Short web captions
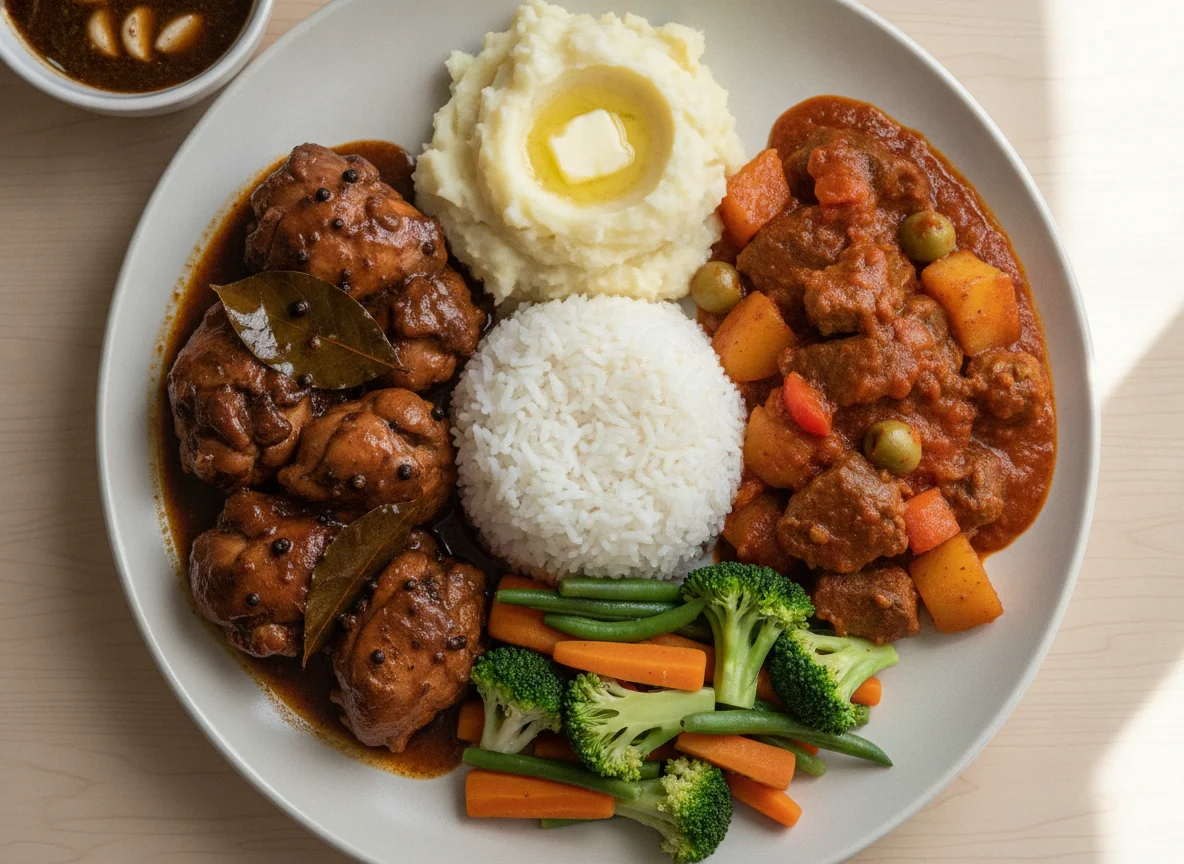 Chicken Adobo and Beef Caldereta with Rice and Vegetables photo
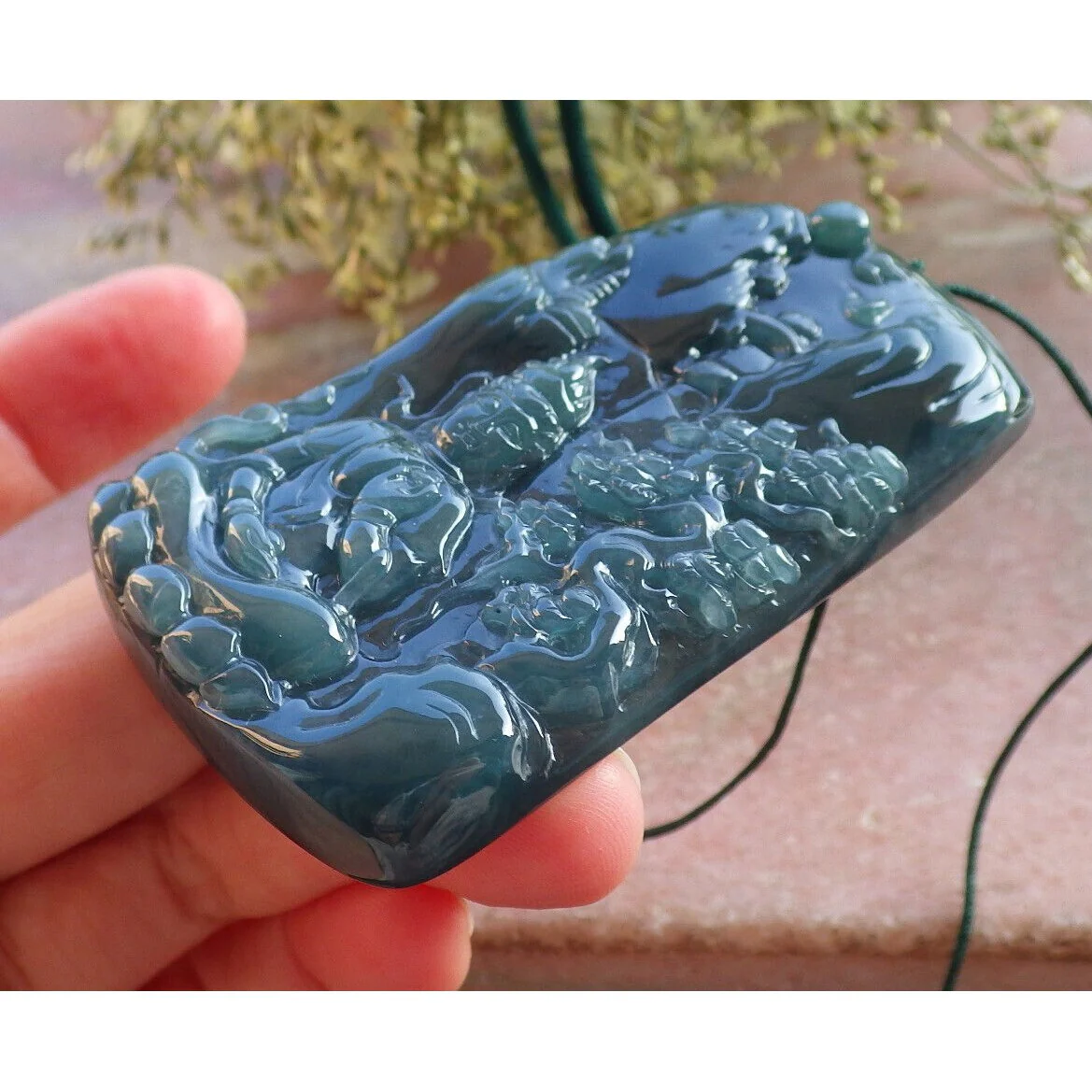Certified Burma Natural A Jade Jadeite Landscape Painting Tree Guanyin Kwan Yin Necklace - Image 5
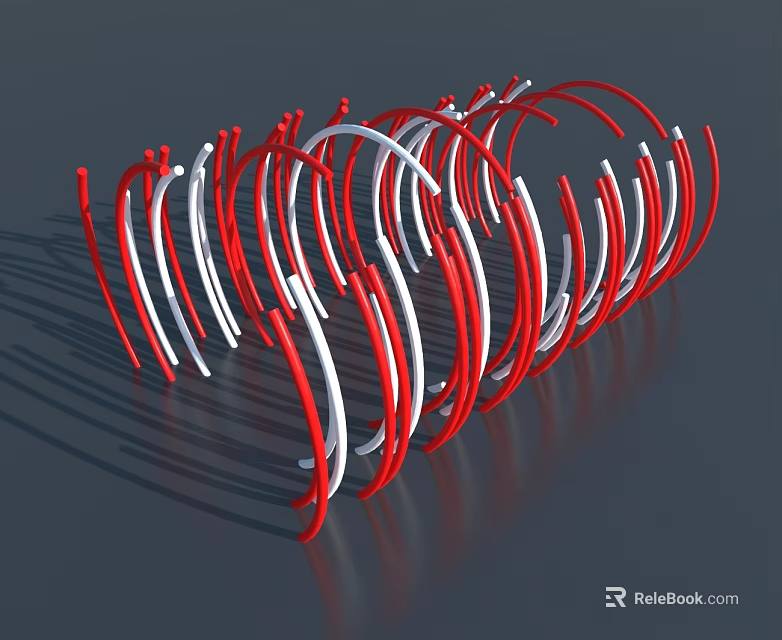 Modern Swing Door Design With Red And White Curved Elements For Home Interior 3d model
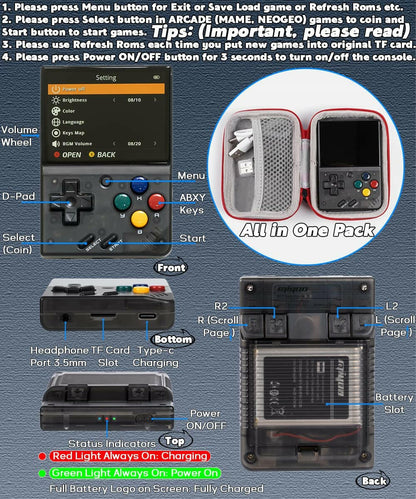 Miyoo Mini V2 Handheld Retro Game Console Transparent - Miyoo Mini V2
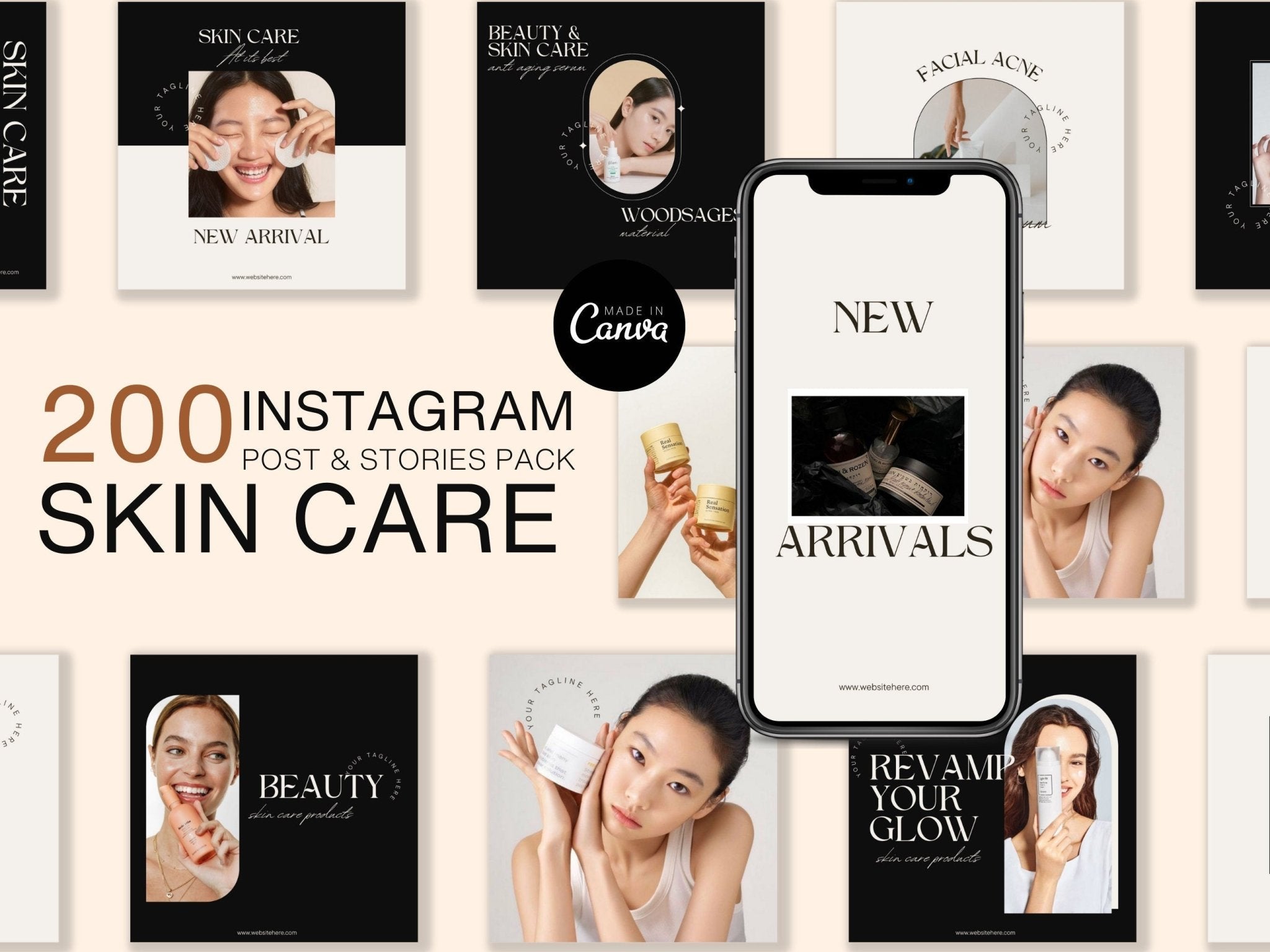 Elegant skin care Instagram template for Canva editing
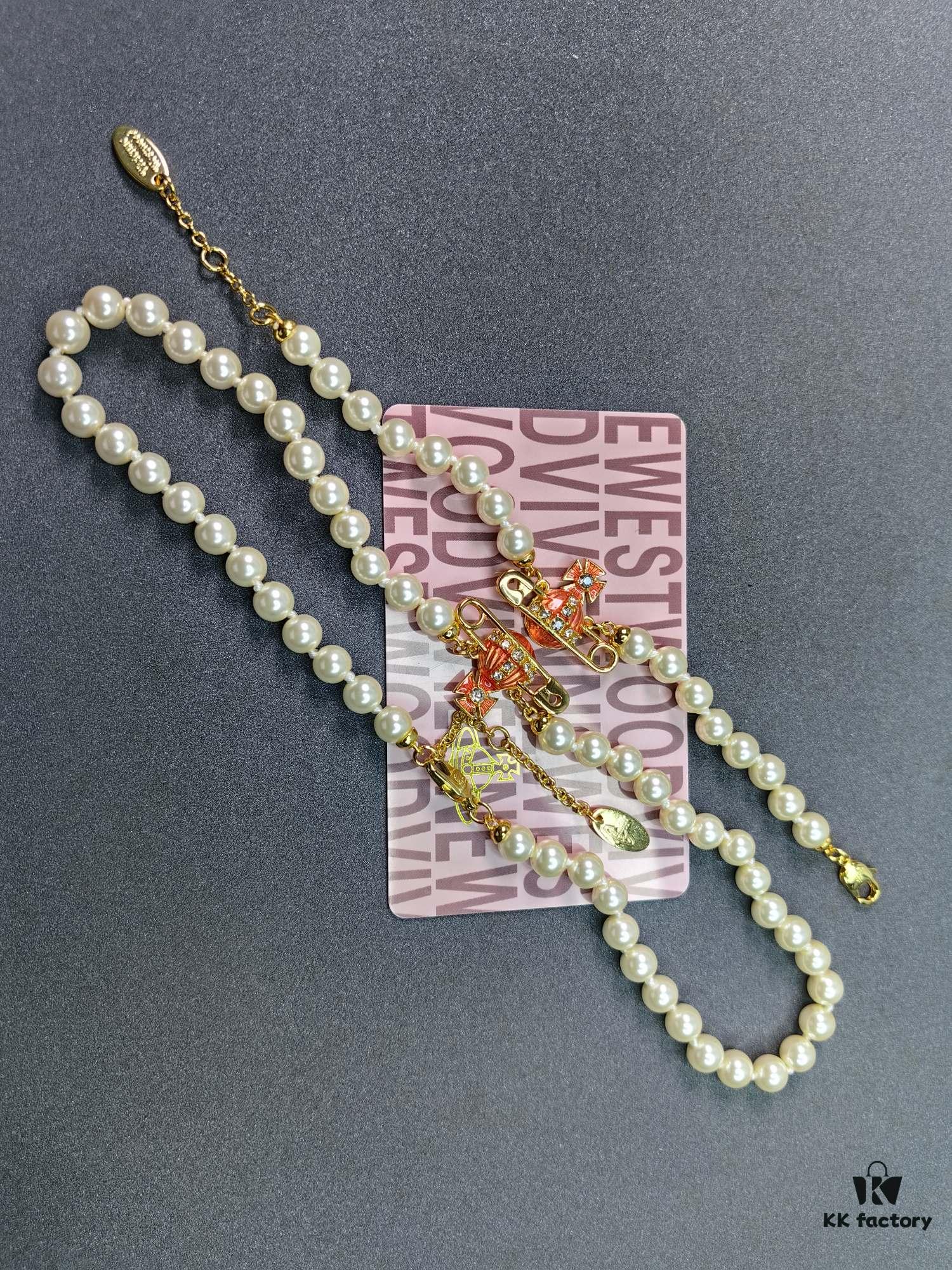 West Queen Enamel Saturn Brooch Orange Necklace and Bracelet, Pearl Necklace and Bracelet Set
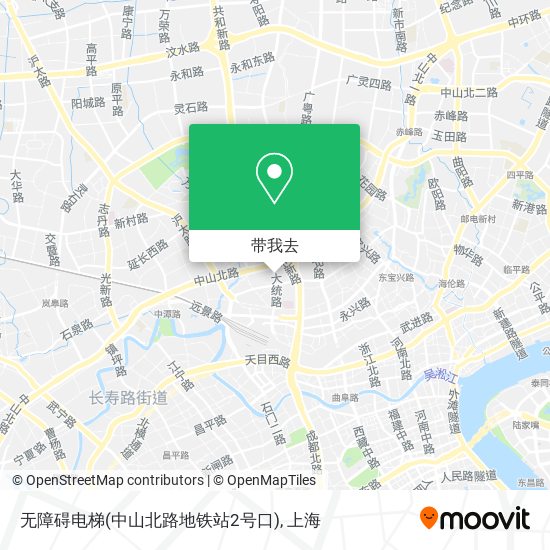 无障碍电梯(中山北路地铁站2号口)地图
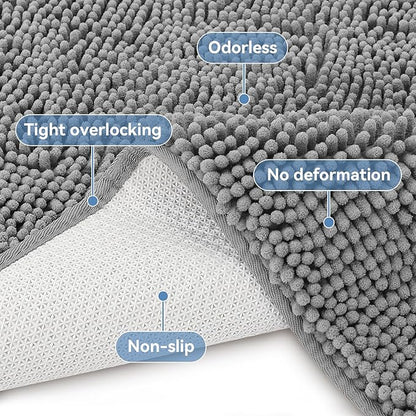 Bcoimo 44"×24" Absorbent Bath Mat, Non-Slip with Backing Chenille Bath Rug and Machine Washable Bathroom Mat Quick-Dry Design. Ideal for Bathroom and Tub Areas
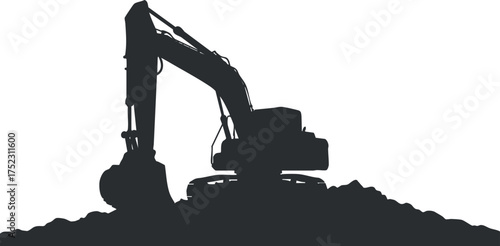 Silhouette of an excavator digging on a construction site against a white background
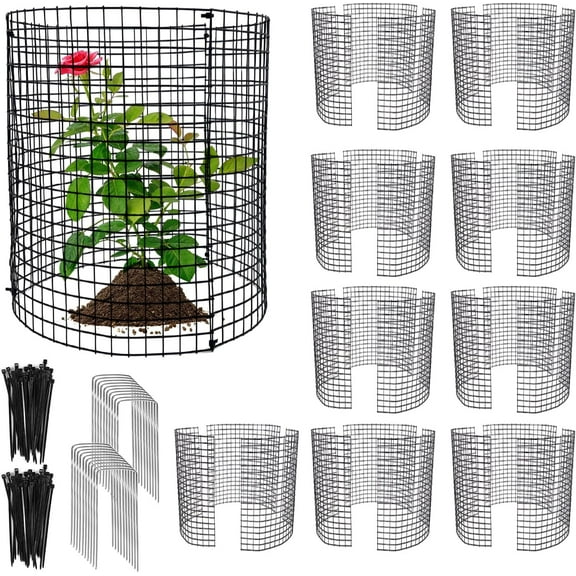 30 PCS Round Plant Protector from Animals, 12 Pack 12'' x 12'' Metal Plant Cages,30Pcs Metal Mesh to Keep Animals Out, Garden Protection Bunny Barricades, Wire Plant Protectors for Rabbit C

**Task brief**
Without the pictures, set down the lines above from the line with "Certified Burma Natural" up to and including the line with "West Queen Enamel" exactly as they stand.

**Solved problem**
Certified Burma Natural A Jade Jadeite Landscape Painting Tree Guanyin Kwan Yin Necklace - Image 5
 Modern Swing Door Design With Red And White Curved Elements For Home Interior 3d model
 Miyoo Mini V2 Handheld Retro Game Console Transparent - Miyoo Mini V2
 Elegant skin care Instagram template for Canva editing
 West Queen Enamel Saturn Brooch Orange Necklace and Bracelet, Pearl Necklace and Bracelet Set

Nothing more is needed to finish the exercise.